Besonders schwierig ist die Lage auf dem Friedhof in Thalmässing. Seit rund 20 Jahren verwendet man dort „Grabhüllen“, wie Pfarrer Frank Zimmer auf Anfrage mitteilte. Weil das Wasser so hoch steht, wird der Sarg in eine erdbefüllte Grabauskleidung aus beschichtetem Geotextilgewebe mit integrierter Be- und Entlüftung gelegt. Er ist also vom Mutterboden getrennt durch die Grabhülle. Nach Absenken des Sarges werden die Seitenräume verfüllt und der Sarg mit Erde überdeckt.

Insgesamt umgeben 1,5 Kubikmeter Erde den Sarg in der Grabhülle. Die zwei Luftverteiler sorgen dafür, dass Sauerstoff von oben an den Sarg gelangt. Damit gehören Wachsleichen der Vergangenheit an, verspricht der Hersteller, selbst wenn Wasser permanent im Grabraum steht.
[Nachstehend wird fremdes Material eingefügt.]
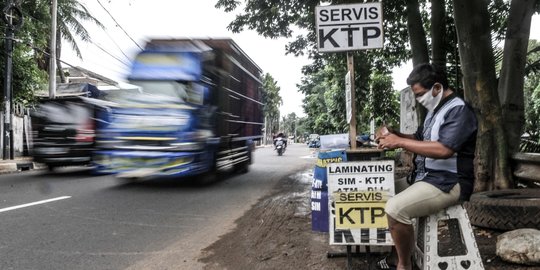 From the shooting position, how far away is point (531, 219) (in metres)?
4.38

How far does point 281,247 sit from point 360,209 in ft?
5.19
Gut möglich, dass es noch mehr Friedhöfe in der Umgebung gibt, auf denen zumindest stellenweise das Grundwasser hoch steht. Nur: Hausieren geht damit niemand. Diese Information wird nicht „an die große Glocke gehängt“, sondern eher unter den Teppich gekehrt.

Immer mehr Urnenbestattungen

Nach und nach löst sich dieses Problem auch von selbst, denn es gibt immer mehr Urnenbestattungen. „65 bis 70 Prozent“, schätzt Bestatterin Sigrun Alter. Bei Urnen ist es egal, wie hoch das Grundwasser steht.
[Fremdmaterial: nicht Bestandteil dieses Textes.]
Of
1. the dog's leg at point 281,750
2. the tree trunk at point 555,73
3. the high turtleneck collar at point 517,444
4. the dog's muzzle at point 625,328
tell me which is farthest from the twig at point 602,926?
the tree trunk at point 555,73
Zur „Anlage von Friedhöfen, Leichenhäusern und Grüften“ hat das Bayerische Staatsministerium des Innern bereits am 8. Juli 1911 eine Bekanntmachung erlassen. Sie richtet sich an die Regierungen, die Kreisverwaltungsbehörden und die Gesundheitsämter. Darin heißt es: „Leichen, die der Erde übergeben werden, fallen für gewöhnlich der Zersetzung anheim. Die Zersetzung erfolgt in der ersten Zeit unter dem Einfluss der auf der Oberfläche und im Innern der Leiche vorhandenen Bakterien und Pilze, später auch unter dem Einfluss verschiedener Tierarten (Insektenlarven und Würmer); sie setzt immer eine gewisse Feuchtigkeit des Bodens voraus. Die Zersetzung unter reichlichem Sauerstoffzutritt führt zur vollständigen Verbrennung der organischen Bestandteile des Körpers und wird als Verwesung bezeichnet; sie liefert als Endprodukte unschädliche Stoffe.“

„Wenn Leichen unmittelbar im Wasser oder in einem ganz mit Wasser durchtränkten Boden liegen, kommt es zur Bildung von Leichenwachs; zu Leichenwachs umgewandelte Leichen oder Leichenteile bilden eine fettige Masse und bedürfen zum vollständigen Zerfall außerordentlich langer Zeit.“

„Der Boden soll so beschaffen sein, dass die Verwesung der Leichen möglichst rasch erfolgt“, heißt es weiter, „dies ist bei einem Boden der Fall, der zeitweise durch Oberflächenwasser durchfeuchtet wird, die Hauptmasse des Wassers aber nur kurze Zeit zurückhält und dann wieder der Luft ungehinderten Zutritt gewährt; als völlig einwandfrei ist ein Boden jedoch erst dann zu bezeichnen, wenn er auch im Stande ist, die Zersetzungsprodukte zurückzuhalten und zu verhindern…Für die Eignung eines Bodens zur Anlage von Gräbern kommt auch sein Grundwasserstand in Betracht…Es ist unter allen Umständen zu vermeiden, dass die Grabessohle vom Grundwasser erreicht wird oder dass Särge in jene Zone zu liegen kommen, bis zu der das Wasser aufsteigt.“ Ein Erwachsenengrab soll mindestens 1,80 Meter tief sein. 1,80 Meter ist „einfach tief“, für Doppelbestattungen sind 2,40 Meter nötig.

Leichen bleiben erhalten

An den kritischen Stellen verwesen die Leichen nicht so, wie sie sollten. Man spricht von „Wachsleichen“. Oft sind bei ihnen auch nach Jahrzehnten Liegezeit noch die Gesichtszüge erkennbar. Ihr Gewebe verseift, weil kein Sauerstoff an die Leichen kommt, die im Wasser liegen. Nicht nur ein permanent hoher Grundwasserspiegel könne dies verursachen, Kunststoff-Kleidung und möglicherweise auch Antibiotika in der Leiche würden die ordnungsgemäße Verwesung be- oder verhindern.

Bei sehr günstigen Bodenverhältnissen verwest die Leiche eines Erwachsenen in vier bis sieben Jahren, unter ungünstigen Umständen erst in 15 bis 30 oder gar noch mehr Jahren. Ein andauernd hoher Grundwasserstand über fast wasserundurchlässigen Schichten verhindert den normalen Verwesungsprozess in feuchter Erde durch Sauerstoffabschluss. Verwesung ist ein aerober Prozess, nötig ist dafür Sauerstoff. Nach Haut, Muskeln, Organen und Bindegewebe verwesen zuletzt die Haare und die Fingernägel eines Menschen. Zum Schluss bleiben nur noch die Knochen übrig.